Transcribe the data exactly, pictures excluded.

Dataset extract Block Start

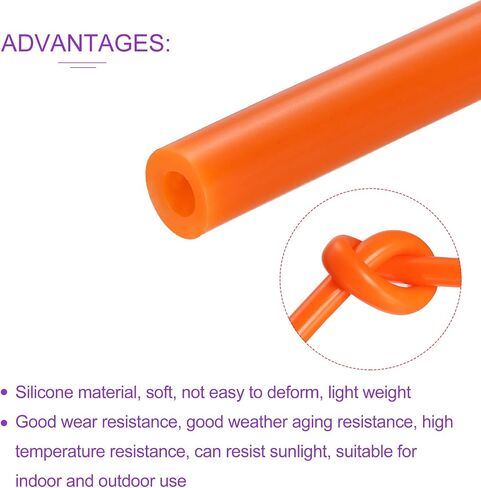 DMiotech 5/32" ID 5/16" OD 3.3 Feet Silicone Tube Orange Industrial Silicone Tubing for Water Air Pump in Saudi Arabia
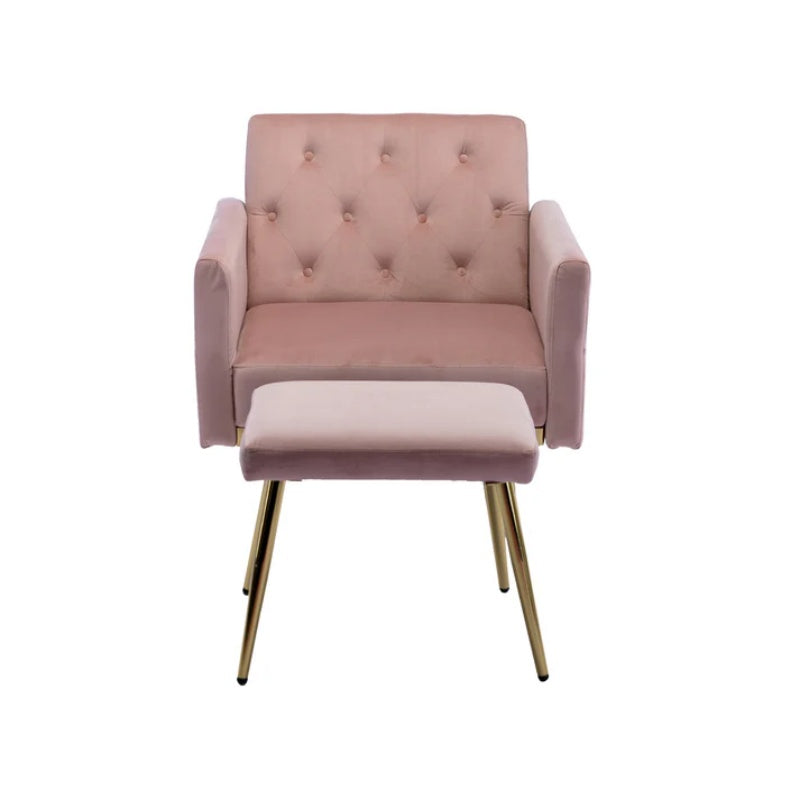 COOLMORE Velvet Accent Chair with Adjustable Armrests and Backrest, Button Tufted Lounge Chair, Single Recliner Armchair with Ottoman-海智集-Default-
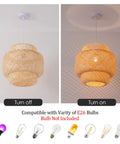 Handwoven Bamboo Pendant Light For Boho Farmhouse Vibe in wicker rattan, 15.75 inch hanging lamp on and off.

Dataset extract Block End

-- Final answer --
 DMiotech 5/32" ID 5/16" OD 3.3 Feet Silicone Tube Orange Industrial Silicone Tubing for Water Air Pump in Saudi Arabia
 COOLMORE Velvet Accent Chair with Adjustable Armrests and Backrest, Button Tufted Lounge Chair, Single Recliner Armchair with Ottoman-海智集-Default-
 Handwoven Bamboo Pendant Light For Boho Farmhouse Vibe in wicker rattan, 15.75 inch hanging lamp on and off.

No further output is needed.